Am dreißigsten Tag, dem letzten vor Ablauf seiner Frist, ist Conn verzweifelt. Wenn er nun seinen magischen Stein nicht findet, kann er nicht länger Lehrling von Nevery sein und wird die Akademie verlassen müssen. Brumbee und Rowan versuchen ihm zu helfen, doch Conn ahnt, dass sein Stein irgendwo in "Sunrise", dem wohlhabenden Stadteil von Wellmet sein muss, dort, wo auch die Herzogin herrscht. Benet, der insgeheim schon lange ein liebevolles und wachsames Auge auf den Jungen hat, weiß, dass er ohne seinen Stein nicht zurückkehren wird. Meister Nevery wird das erst bewusst, als der schweigsame Hüne ihn mit seinen knappen Worten darauf hinweist.

Als Conn endlich seinem Locus Magicalicus begegnet, ist es ein Ding der Unmöglichkeit, diesen Stein zu erlangen. Doch der Ruf des Steins ist so stark und fordernd, dass Conn alle Vorsicht fahren lässt. Es gelingt ihm zwar, den kostbaren Stein für einen Moment an sich zu bringen, doch im nächsten landet er schon in den Kerkern der Herzogin.

Dieses Mal hilft ihm Nevery aus der Patsche; doch als Conn seinen Meister am dringensten gebraucht hätte, lässt Nevery, der den Worten Pettivox mehr glauben schenkt als seiner eigenen Intuition, den Jungen fallen.

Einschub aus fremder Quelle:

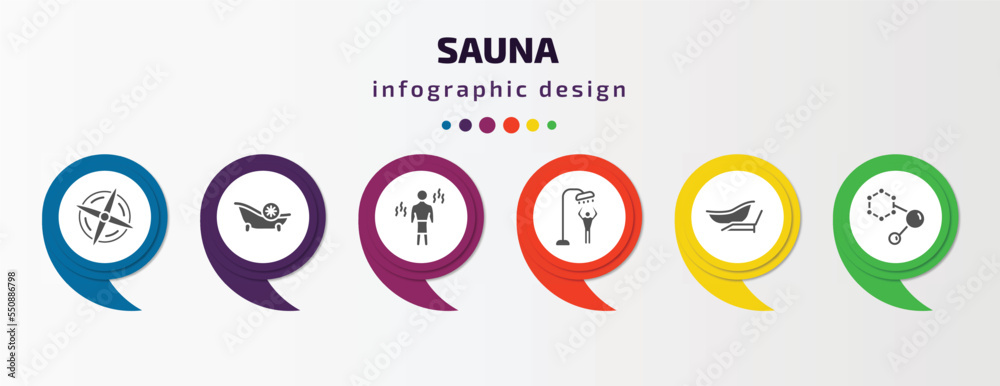 sauna infographic element with filled icons and 6 step or option. sauna icons such as regeneration, snow paradise, vascular workout, dousing shower, private spa, hormones vector. can be used for sauna infographic element with filled icons and 6 step or option. sauna icons such as regeneration, snow paradise, vascular workout, dousing shower, private spa, hormones vector. can be used for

Enttäuscht verlässt Conn die "Villa Herzensleicht". Doch er hat eine Spur, die zur Aufklärung der schwindenden Magie führt. Conn ist fest entschlossen, Wellmet vor dem totalen Verlust der magischen Kraft zu bewahren und schreckt vor nichts zurück; auch davor nicht, sich und seinen kostbaren Stein für diese Sache zu opfern.

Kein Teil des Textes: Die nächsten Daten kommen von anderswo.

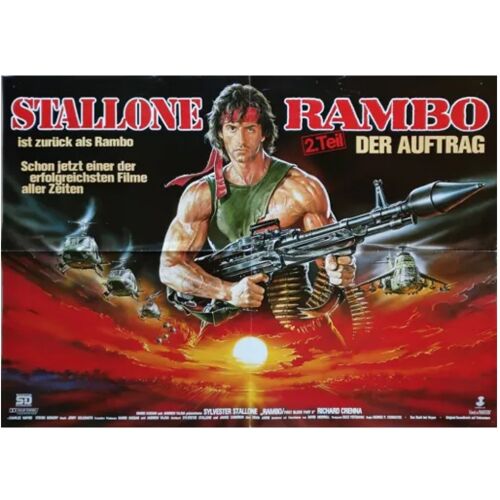 Rambo 2 (Der Auftrag /La Mission) - Véritable Affiche De Cinéma Allemande Pliée - Format 84x59,5 Cm - De George Pan Cosmatos Avec Sylvester Stallone, Richard Crenna, Charles Napier - 1985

Sarah Prineas erster Band der geplanten Trilogie um den magischen Dieb, holt den Leser schon auf den ersten Seiten in eine dichte Atmosphäre, die durch ihre Erzählweise und den klugen Spannungsaufbau bestimmt wird. Auf packende Art deckt die amerikanische Autorin nach und nach die Strukturen auf, die Wellments Schicksal bestimmen und beschreibt damit eine Welt, die sich am ehesten in der frühindustrielle Zeit gegen Ende des 18. Jahrhunderts ansiedeln liesse. Das Elend, das in dem armen, heruntergekommenen Stadtteil "Twighlight" anzutreffen ist, mit seinen Fabriken und den schwer arbeitenden Menschen - und vielen Kindern - die unter der Monotonie ihrer Arbeit leiden, erinnert schon sehr daran. Conn hat sich entschieden, nicht an einer der Maschine zu enden und hat für sein Auskommen lieber als Taschendieb gesorgt, auch wenn das bedeutet, dass ihm der "Underlord" im Nacken sitzt. Ein Wolf im Schafspelz ist dieser Underlord, der mit sanfter Stimme eloquent über seine wahren Absichten hinwegtäuscht, während er vor einem Mord nicht zurückschreckt. Wir erfahren, dass der Underlord auch Conns Mutter auf dem Gewissen hat und dass Conn sogar dessen Neffe sein soll. Das Verwandschaftsverhältnis sowie die Herkunft Conns bleiben nebulös. Sie bedeuten ihm nichts und er verschweigt diese Dinge lieber. Conn macht ohnehin nicht viele Worte um sich, schon gar nicht zu den schmerzhaften Momenten seines Lebens. Frei von jedem Selbstmitleid, ist er ein aufrechter und zäher Kerl, der stolz ist - auch auf seine Fähigkeiten, so dass es nicht wirklich erstaunt, dass er Nevery weiterhin mit dessen Vornamen anspricht, statt, wie üblich, mit "Meister".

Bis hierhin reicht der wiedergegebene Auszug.